__Exercise description__.
Write out each line of the listing as it stands, without the images.

__Exercise input__.
□ □ □ □ □ □ □

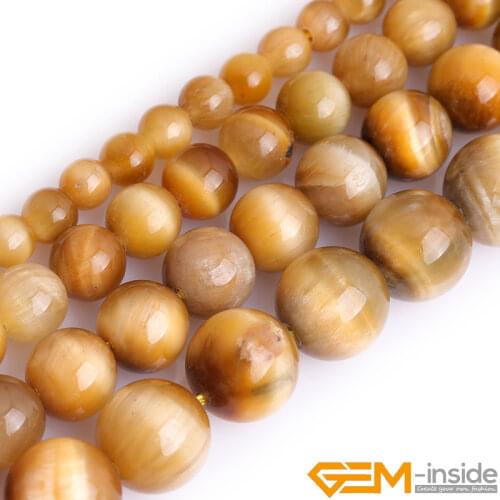 Natural Stone Gold Tiger Eye Round Beads For Jewelry Making Strand 15 Inches DIY Bracelet Necklace Jewelry Loose Beads 6mm 8mm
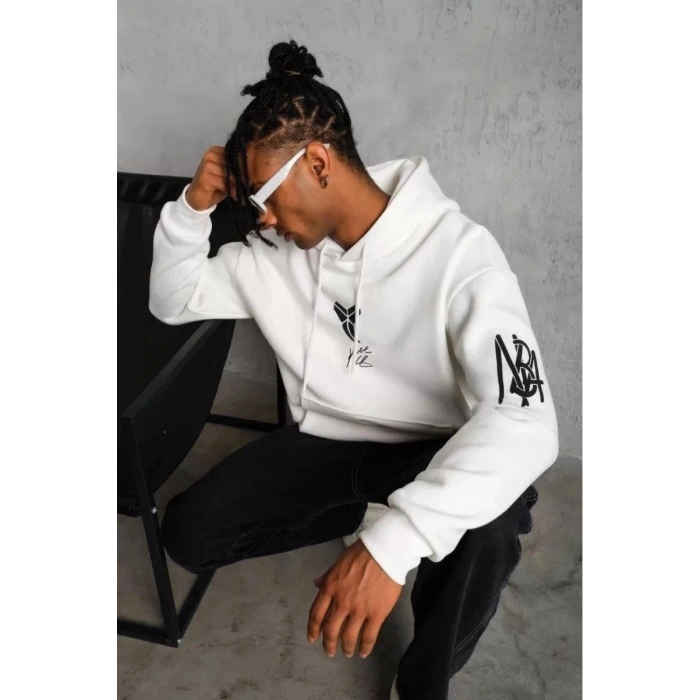 BErkek 3 İplik Pamuklu Kapüşonlu Baskılı Cepli Oversize Sweatshirt Hoodie - eyaz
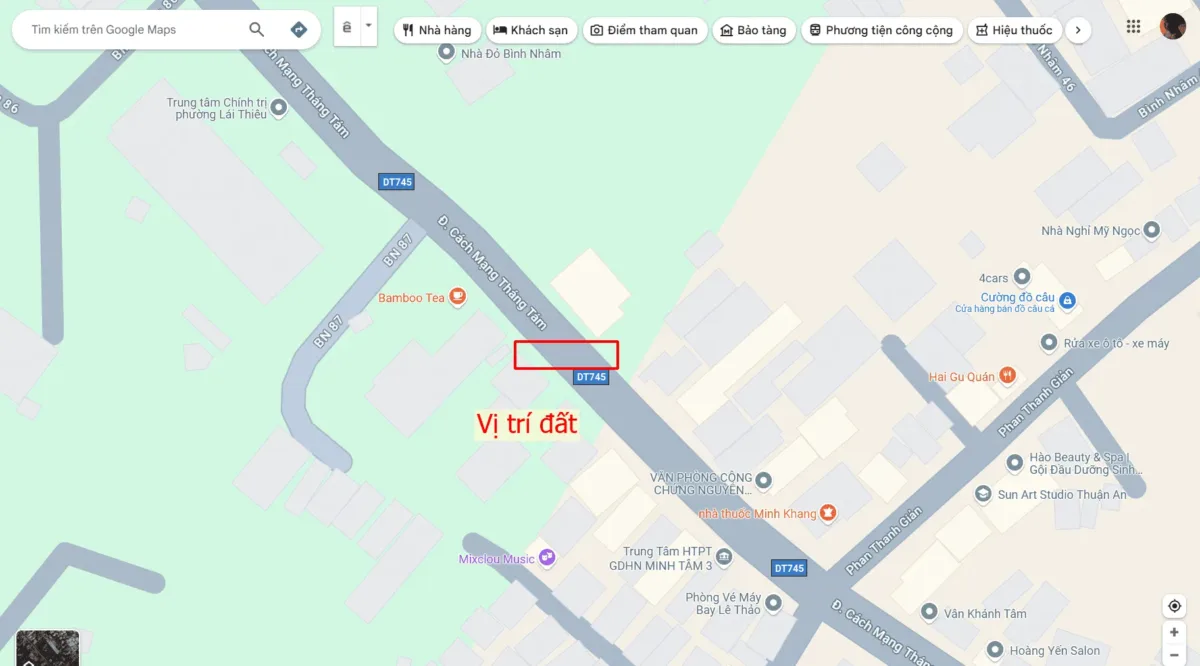 Bán đất 5x38m, mặt tiền đường Cách Mạng Tháng 8 p. Bình Nhâm
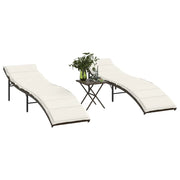 Lettini Prendisole 2 pz con Tavolino Marrone in Polyrattan 368252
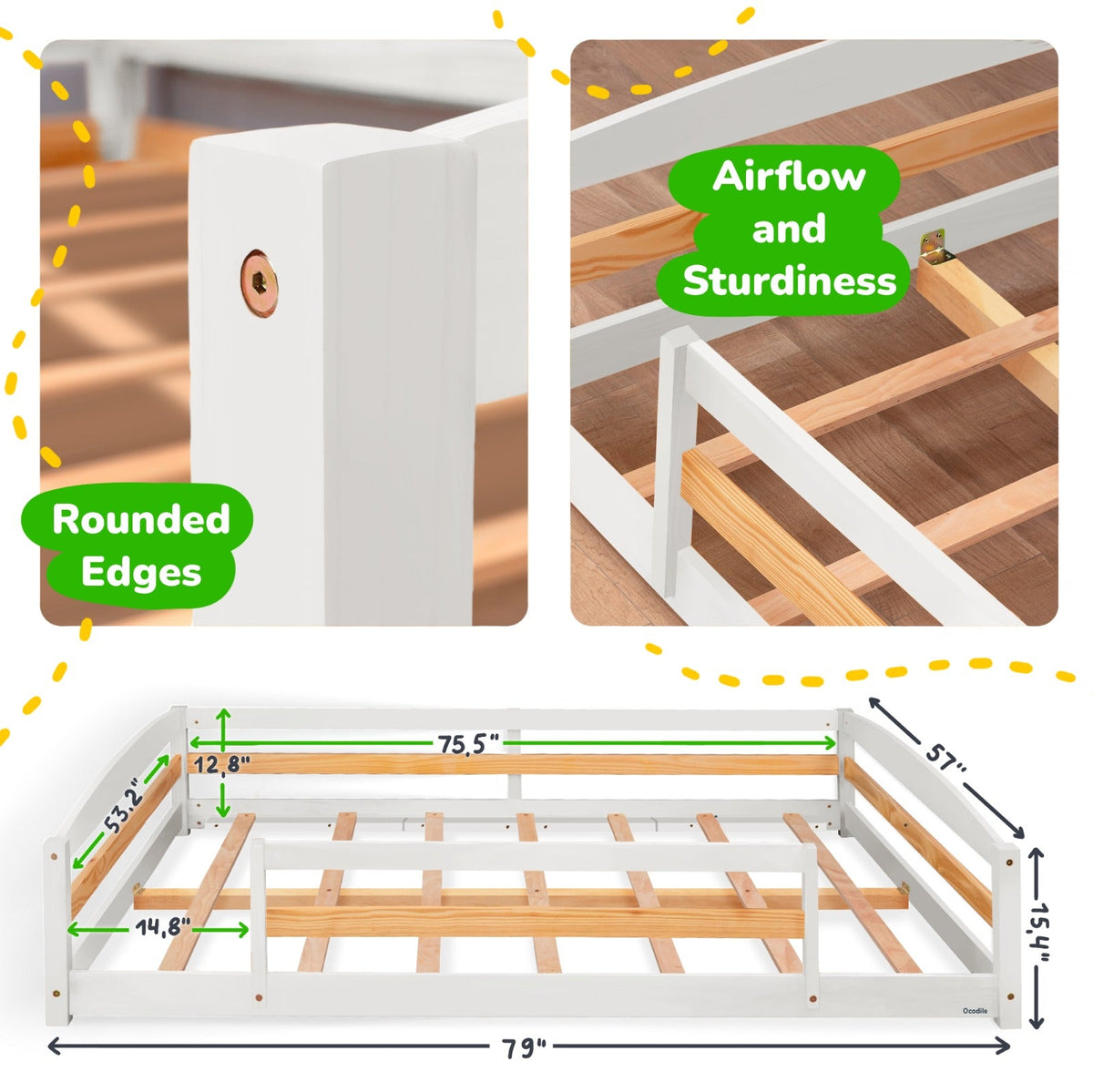 Full-Size Montessori Floor Bed with Strong Slatted Frame by Ocodile.com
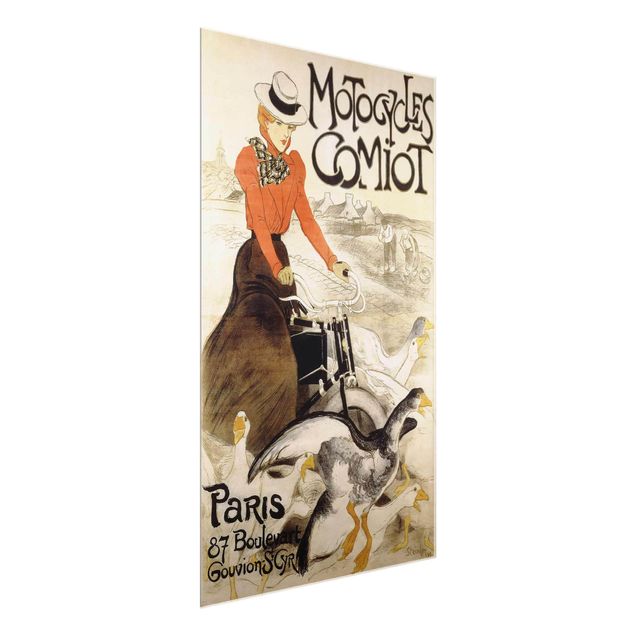 Obrazy na szkle artyści Théophile-Alexandre Steinlen - Plakat reklamowy motocykli Comiot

□ □ □ □ □ □ □

__Output of the exercise__.
 Natural Stone Gold Tiger Eye Round Beads For Jewelry Making Strand 15 Inches DIY Bracelet Necklace Jewelry Loose Beads 6mm 8mm
 BErkek 3 İplik Pamuklu Kapüşonlu Baskılı Cepli Oversize Sweatshirt Hoodie - eyaz
 Bán đất 5x38m, mặt tiền đường Cách Mạng Tháng 8 p. Bình Nhâm
 Lettini Prendisole 2 pz con Tavolino Marrone in Polyrattan 368252
 Full-Size Montessori Floor Bed with Strong Slatted Frame by Ocodile.com
 Obrazy na szkle artyści Théophile-Alexandre Steinlen - Plakat reklamowy motocykli Comiot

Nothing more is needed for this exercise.